Arbitrary signal values when a submission program commits suicide

Bosco89 commented 11 years ago

When the sandbox is invoked with system call filtering (-f), if the child process tries to call raise(), kill() or tgkill() to kill itself, the sandbox reports the signal argument ("Committed suicide by signal #") and dies, regardless of the value of the signal (which is a 32-bit integer). The signal is then displayed in the submission outcome. A contestant can exploit this issue to reliably get pieces of the input data by using tokens, with little effort.

giomasce commented 11 years ago

This behavior may be automatically fixed with the new sandbox, but I'm not sure.
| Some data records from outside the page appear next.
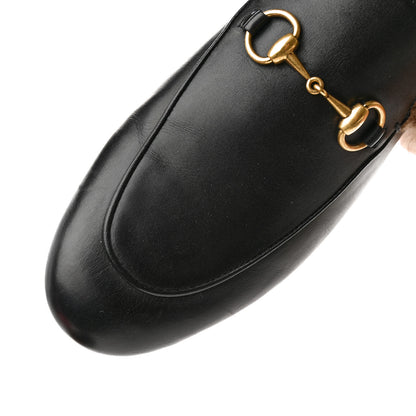 Gucci Calfskin Fur Womens Princetown Slippers 37.5 Black 10 of 11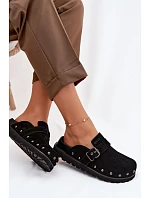 Zamsové pantofle na platformě s cvoky a sponou Big Star TT274951 Černé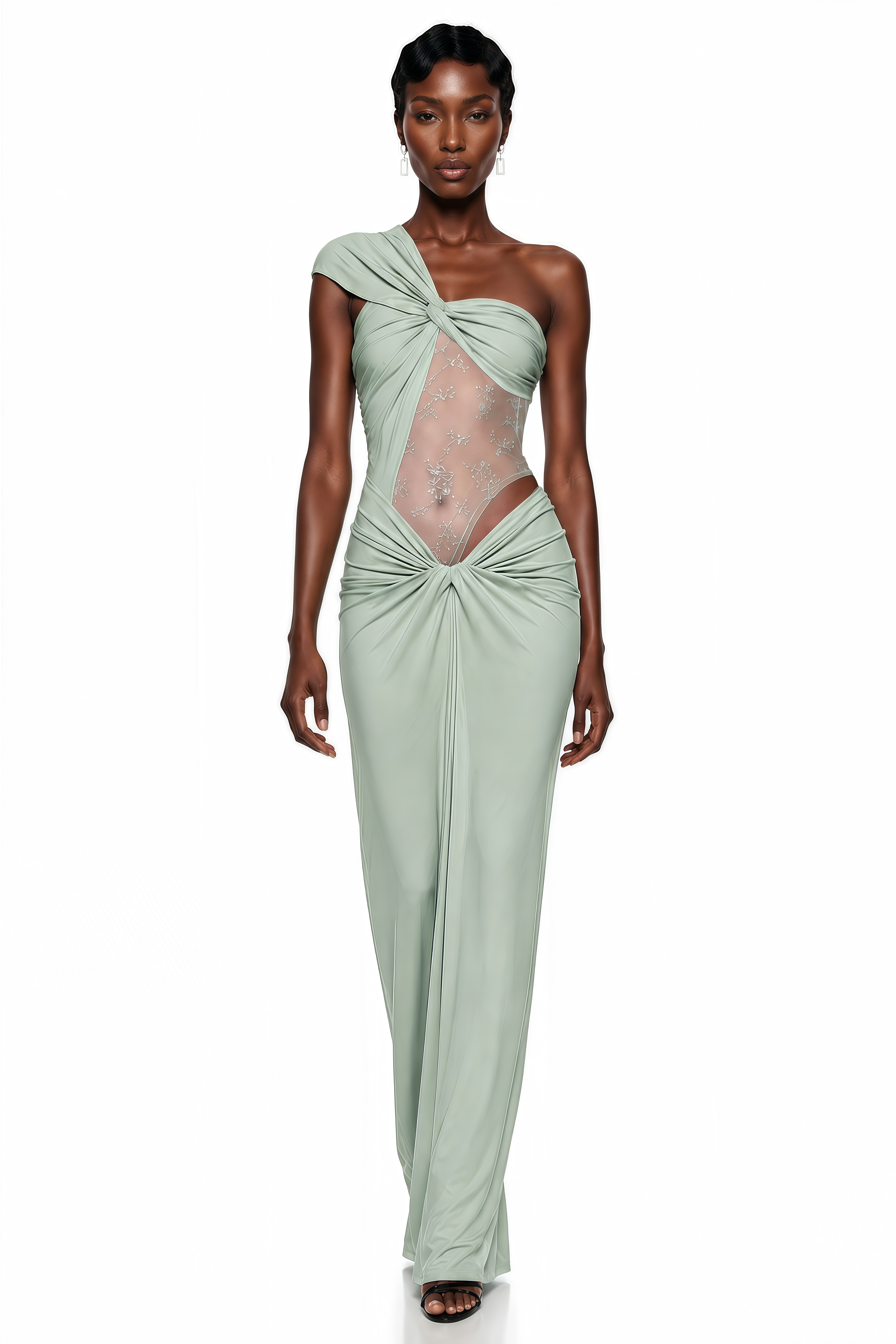 Tai Sage Green One Shoulder Lace Maxi Dress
bblackham commented 11 years ago

The new sandbox does not really help here. Well, in practice, it does kind-of - it removes a few bits of entropy. For various Linux-internal reasons, the candidate executable cannot deliver any signals to itself (it runs as PID 1 in its own container, which makes it immune to non-kernel generated signals). But it can still die in at least one of two ways (sigsegv, div-by-0), giving one bit of data each time.
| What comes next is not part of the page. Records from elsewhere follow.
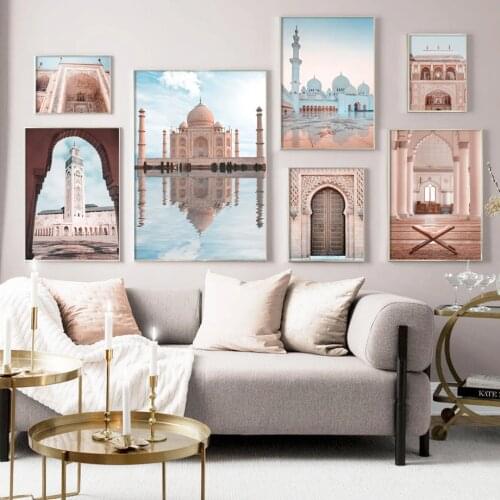 Morocco Sheikh Zayed Grand Mosque East Gate Wall Art Canvas Painting Nordic Posters And Prints Wall Pictures For Living Room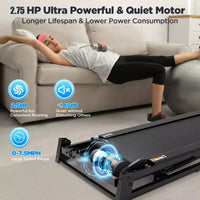 Tapis roulant pliable 2,75 CV, capacité de 136 kg, 3 niveaux d'inclinaison, vitesse de 12 km/h, pour la maison, 64+6+1 programmes, application intelligente, haut-parleurs stéréo Bluetooth Hi-Fi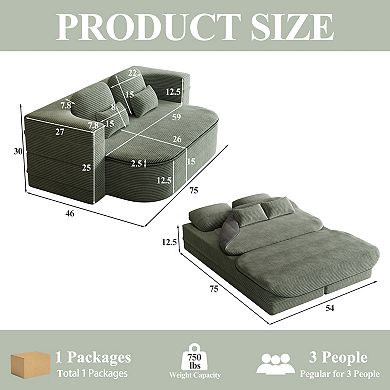 Pnronnc Corduroy Fabric 2-in-1 Foldable Sofa, Convertible Sleeper Sofa Bed with 4 Pillows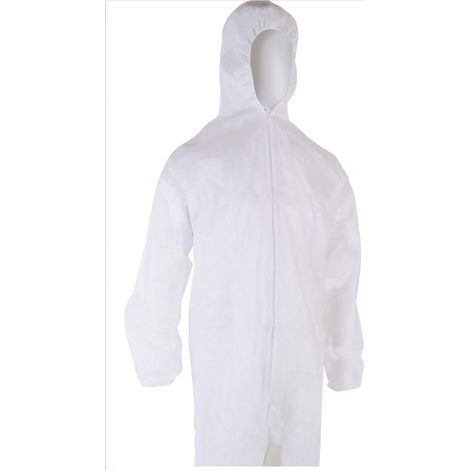 Combinaison polypropylène à capuche fermeture glissière SINGER - Blanc Taille XL - PLYCBC04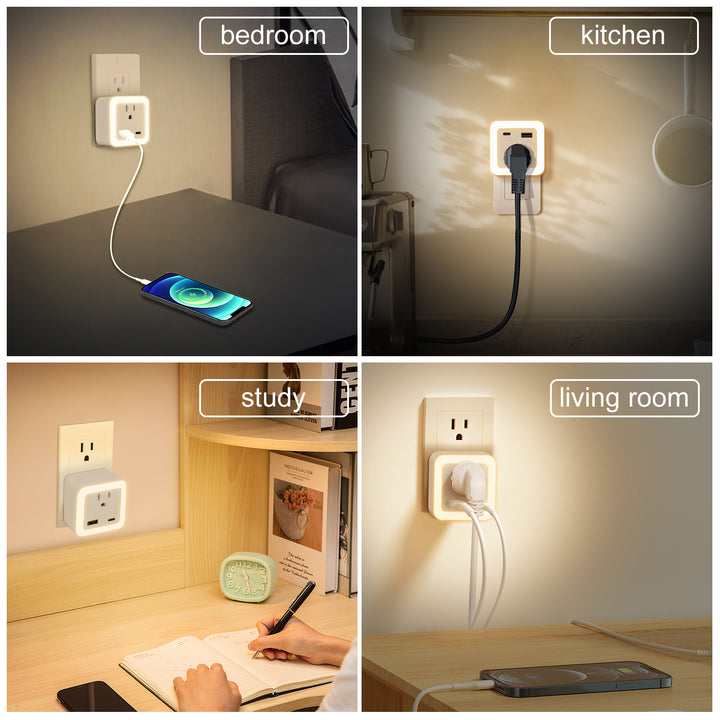Luz nocturna inteligente de anochecer a amanecer con modo de emergencia: LED enchufable, brillo suave de 50 lúmenes, carga USB y tipo C, batería de respaldo para dormitorios y pasillos.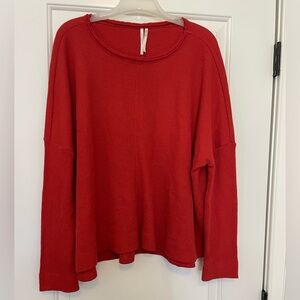 Anthropologie waffle knit terracotta pullover size small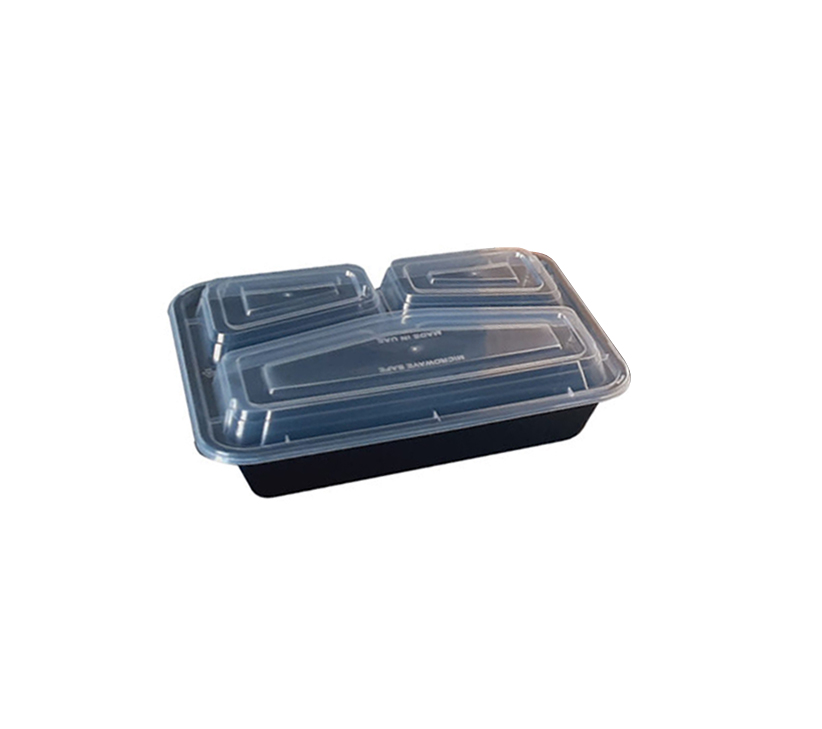 Microwaveable Containers Black 3-Comp Base, 3-Comp - 150 Pack (260578)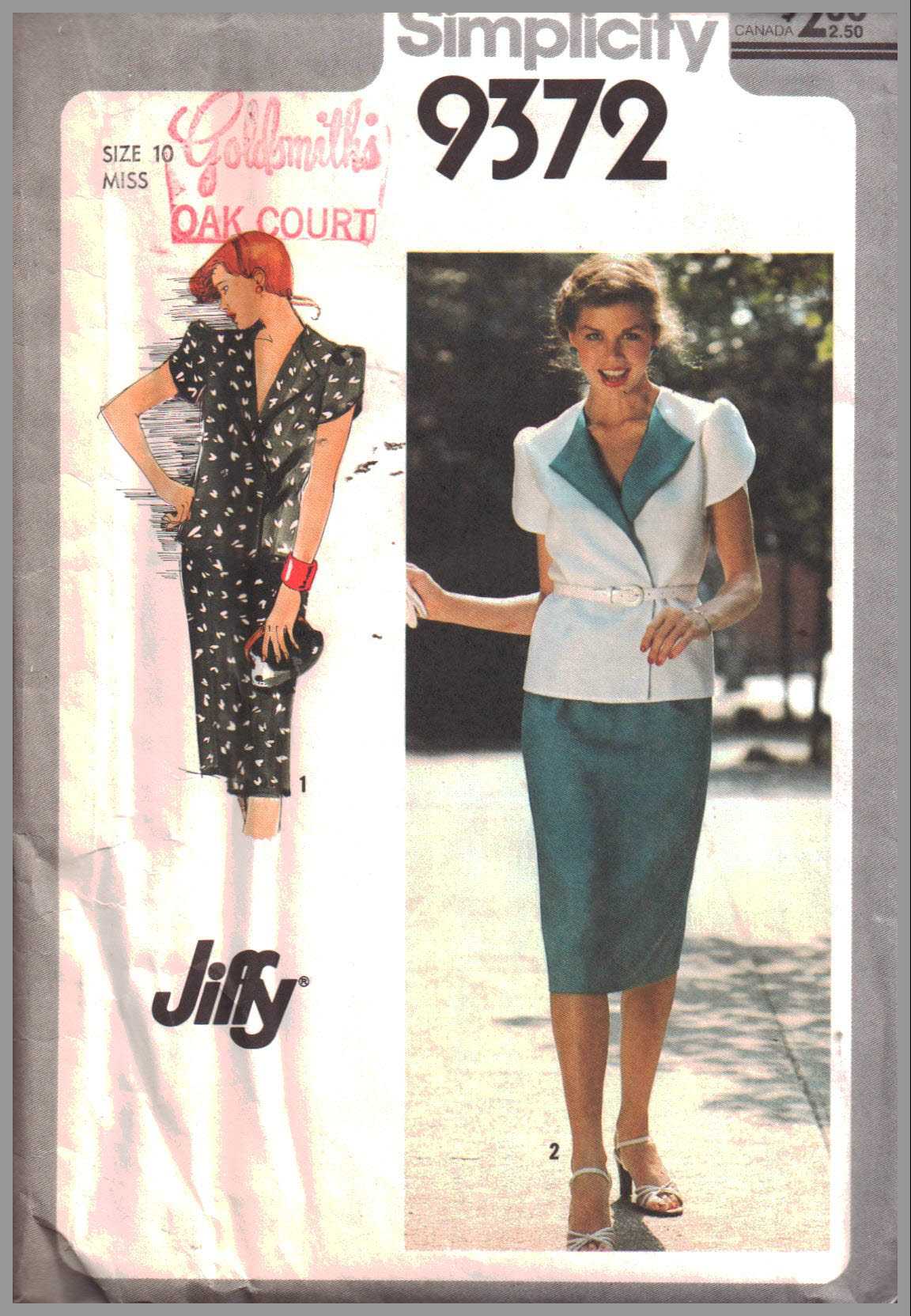 Simplicity 9372 Two-Piece Dress Size: 10 Uncut Sewing Pattern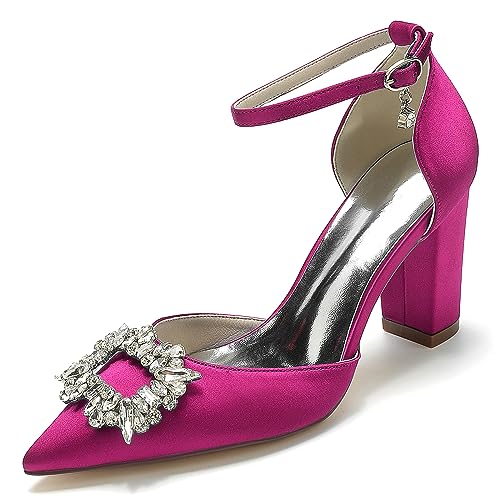 EICOFF Scarpe da Sposa con Tacco Grosso e Punta da Donna Scarpe da Feste con Tacco Alto Strass Cinturino alla Caviglia Décolleté da Abito,Rose,39 EU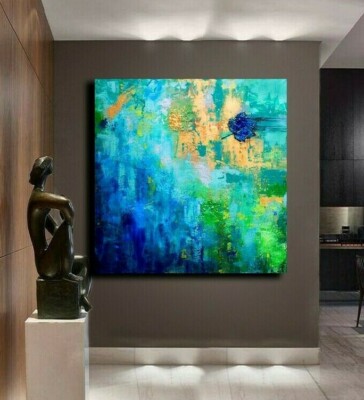 Moderne Gemälde auf Leinwand Abstrakt Original Acryl Blau Textur Landschaft Kunst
If you were determined, you could probably get more entropy by spinning for a certain amount of time, based on the input data.

The limited number of tokens mitigate this on non-public test cases. So I don't think it's a major issue.

lw commented 11 years ago

I didn't yet take a look at the new sandbox, nor did I use it in any way, therefore I'm asking if it provides a way to reliably detect out-of-memory failures (in my experience with the old sandbox these usually manifested themselves in a large range of possible outcomes and signals, based on how glibc was trying to get that memory, like signal 6, signal 11 and some others I can't remember).

If that's the case then we can do as it's done in the ACM ICPC (I think...), that is reduce the outcome of the evaluation to just a few states: accepted, wrong answer, time limit exceeded, memory limit exceeded and a generic runtime error for all other errors.

Sure, we could do it even if we had no way to detect out-of-memory failures, but I'm against it because I think that given the relative low experience of high school contestants (the "average" users of CMS, for now) we should allow to distinguish between two of the most common errors (out-of-memory and segmentation fault), and casting them both to "runtime error" doesn't help.

In any case it would still be possible to get information about the input data based on time and memory consumption of the program, but I think that's unavoidable.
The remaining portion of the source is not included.